Leptin, a hormone that is capable of effectively reducing food intake and body weight, was initially considered for use in the treatment of obesity. However, obese subjects have since been found to have high levels of circulating leptin and to be insensitive to the exogenous administration of leptin. The inability of leptin to exert its anorexigenic effects in obese individuals, and therefore, the lack of clinical utility of leptin in obesity, is defined as leptin resistance. This phenomenon has not yet been adequately characterized. Elucidation of the molecular mechanisms underlying leptin resistance is of vital importance for the application of leptin as an effective treatment for obesity. Leptin must cross the blood-brain barrier (BBB) to reach the hypothalamus and exert its anorexigenic functions. The mechanisms involved in leptin transportation across the blood-brain barrier continue to be unclear, thereby preventing the clinical application of leptin in the treatment of obesity. In recent years, new strategies have been developed to recover the response to leptin in obesity. We have summarized these strategies in this review.

1. Introduction

Twenty-five years ago, leptin, a 160-kDa hormone produced and secreted by the adipose tissue in direct relation to the amount of body fat, was discovered [1]. Much of the research on leptin performed during the early days focused on its role in regulating energy homeostasis and obesity at the level of the central nervous system. The role of leptin in the regulation of energy homeostasis was demonstrated by observing leptin-deficient patients, who develop hyperphagia and obesity during childhood, and can be aided by leptin replacement therapies that suppress appetite and increase energy expenditure [2]. This attracted a lot of interest toward the clinical use of leptin for the treatment of obesity in humans. However, most obese subjects are not deficient in the leptin gene, and the circulating levels of leptin are elevated compared to those in non-obese subjects. Paradoxically, these obese subjects remain obese, reflecting a state of leptin resistance that leads to the intake of extra calories and prevents sustained weight loss [3,4]. The mechanisms involved in leptin resistance have not been clarified since the discovery of leptin in 1994. Different mechanisms have been suggested, such as elevated levels of C-reactive protein, the downregulation of the leptin-activated signal transduction pathway, or a decrease in histone deacetylase activity [5,6,7]. However, alterations in the transport of leptin to the brain through the blood–brain barrier (BBB), a mechanism that has not been completely deciphered [8], seem to play a fundamental role [9,10,11].

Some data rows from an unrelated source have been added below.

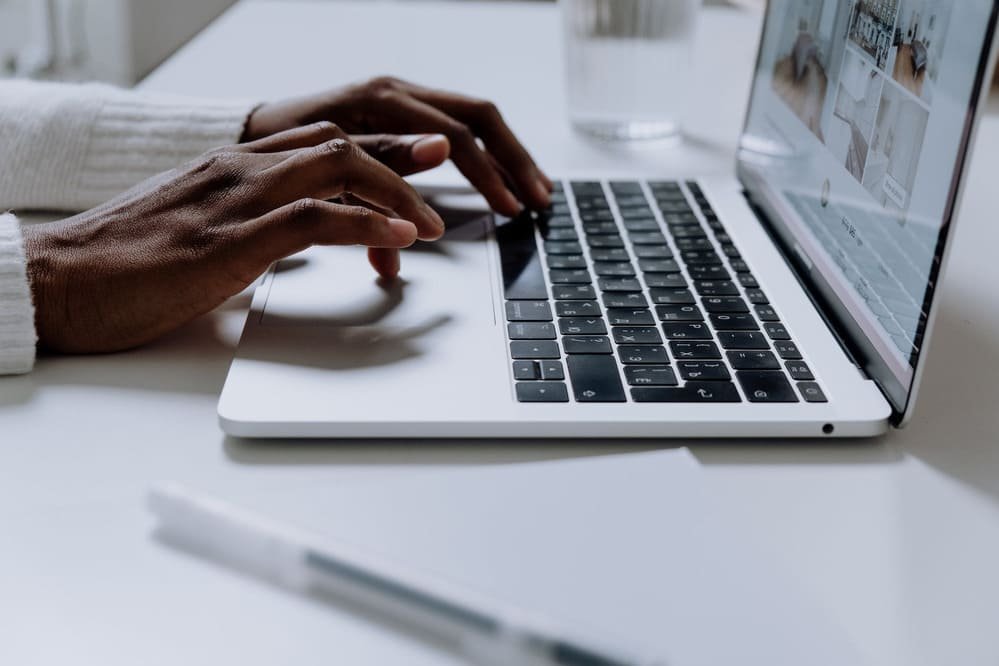 6 Tips to Implement A Consistent Social Media Branding Design and Style For Your Business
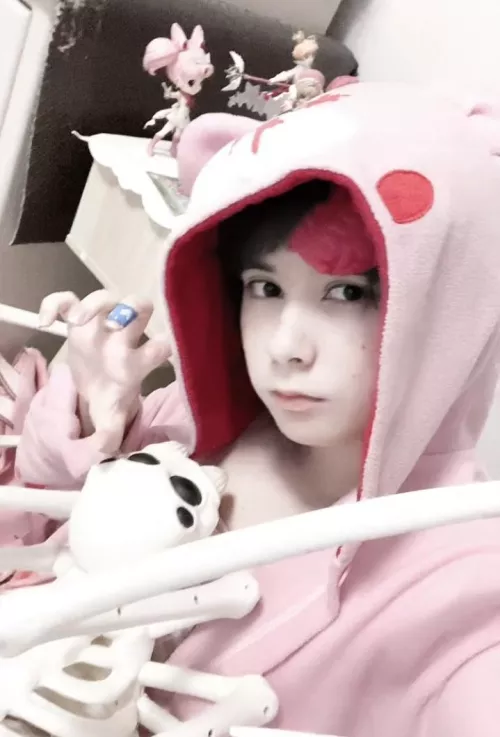 happy halloween 🫀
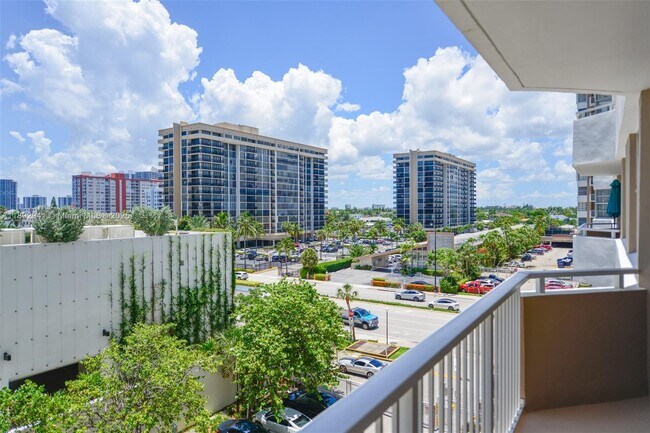Building Photo - 1980 S Ocean Dr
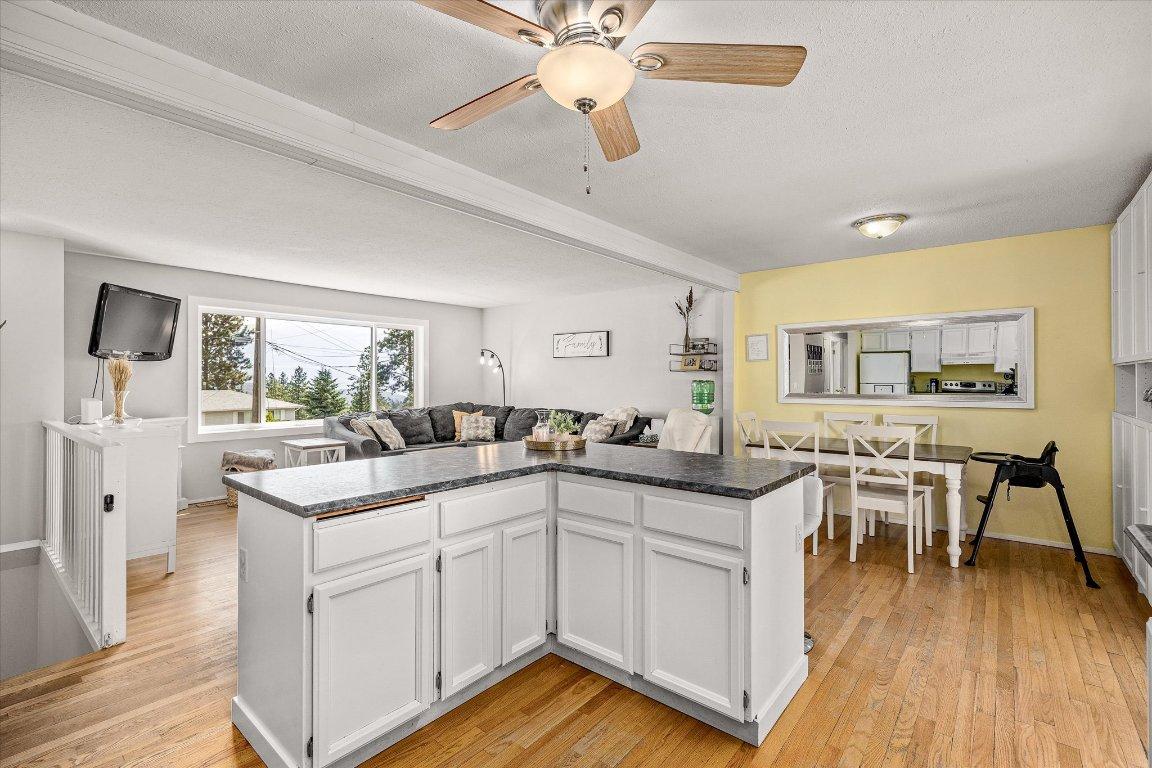 









3530


Chives

Place,
West Kelowna,




BC
V4T 1H8

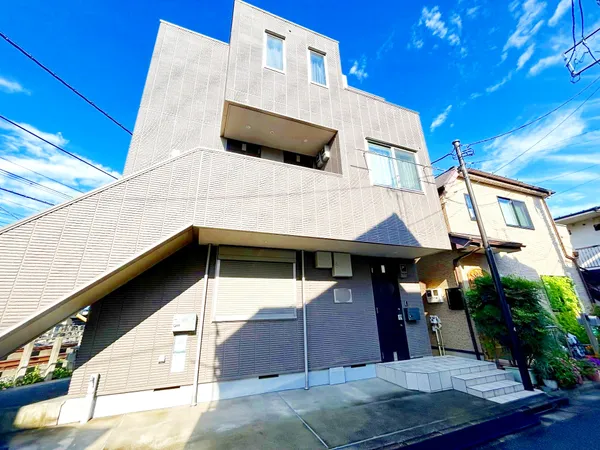 内覧予約や資料請求など、お気兼ねなくお問い合わせくださいませ。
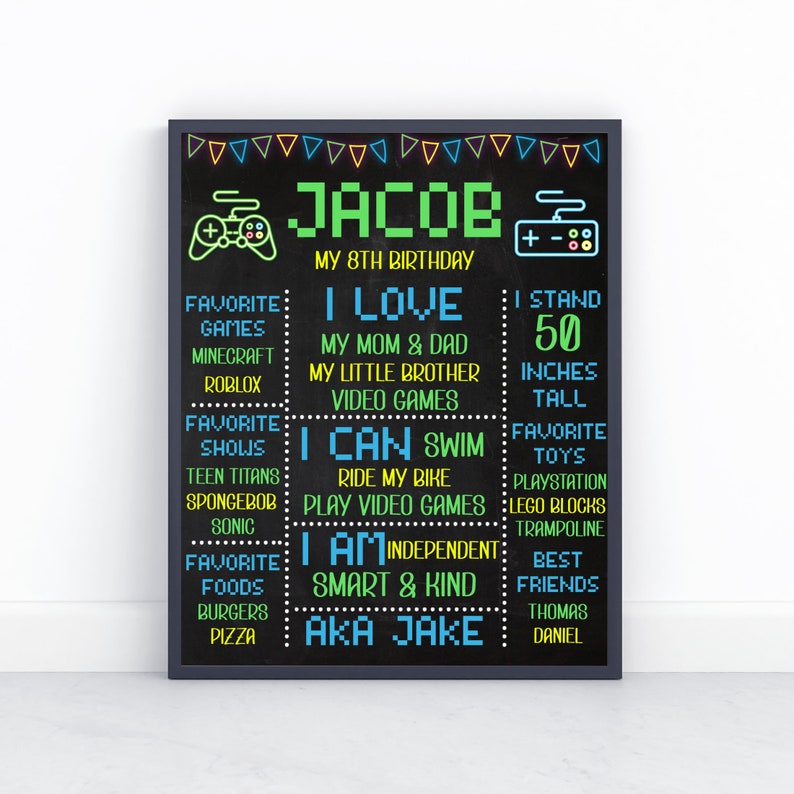 Puede incluir: Un cartel de cumplea&ntilde;os imprimible en blanco y negro para un ni&ntilde;o de 8 a&ntilde;os llamado Jacob. El cartel presenta un tema de videojuegos con un dise&ntilde;o pixelado e incluye informaci&oacute;n sobre los juegos, programas, alimentos y actividades favoritos de Jacob. El cartel tambi&eacute;n indica que Jacob mide 50 pulgadas y que sus mejores amigos son Thomas y Daniel.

2. Blood–Brain Barrier and Obesity

The blood–brain barrier (BBB) is made up of several highly specialized cell types that protect the brain from toxic substances and regulate the passage of macromolecules as well as the bidirectional transport of nutrients and hormones between the blood and brain. Food intake and metabolism are regulated by different hormones, such as leptin, whose circulating levels must be regulated very precisely and are often altered in obesity. These hormones must reach the brain by crossing the BBB through a specific transporter [12]. As many of these transporters are affected by saturation mechanisms, the circulating levels of hormones affect their activity and regulation, and therefore, transporters at the level of the BBB play a critical role in the regulation of metabolism. In addition, obesity can generate pathological changes in the cellular integrity of the BBB, independently of the transporters, which can aggravate the pathological situation at the level of the central nervous system.

Obesity and chronic consumption of a high-fat diet (HFD) produce important changes at the level of the BBB as well as in different regions of the brain, especially in the regions of neuronal populations with high metabolic demands, such as the hippocampus [13,14]. Some studies in rodents have shown that feeding with a HFD produces neuronal loss in the arcuate nucleus and hypothalamus [13], in addition to causing a decrease in the integrity of the BBB because of the loss of tanycytes (specialized ependymal cells in the median eminence) and transporters at the level of the BBB [14].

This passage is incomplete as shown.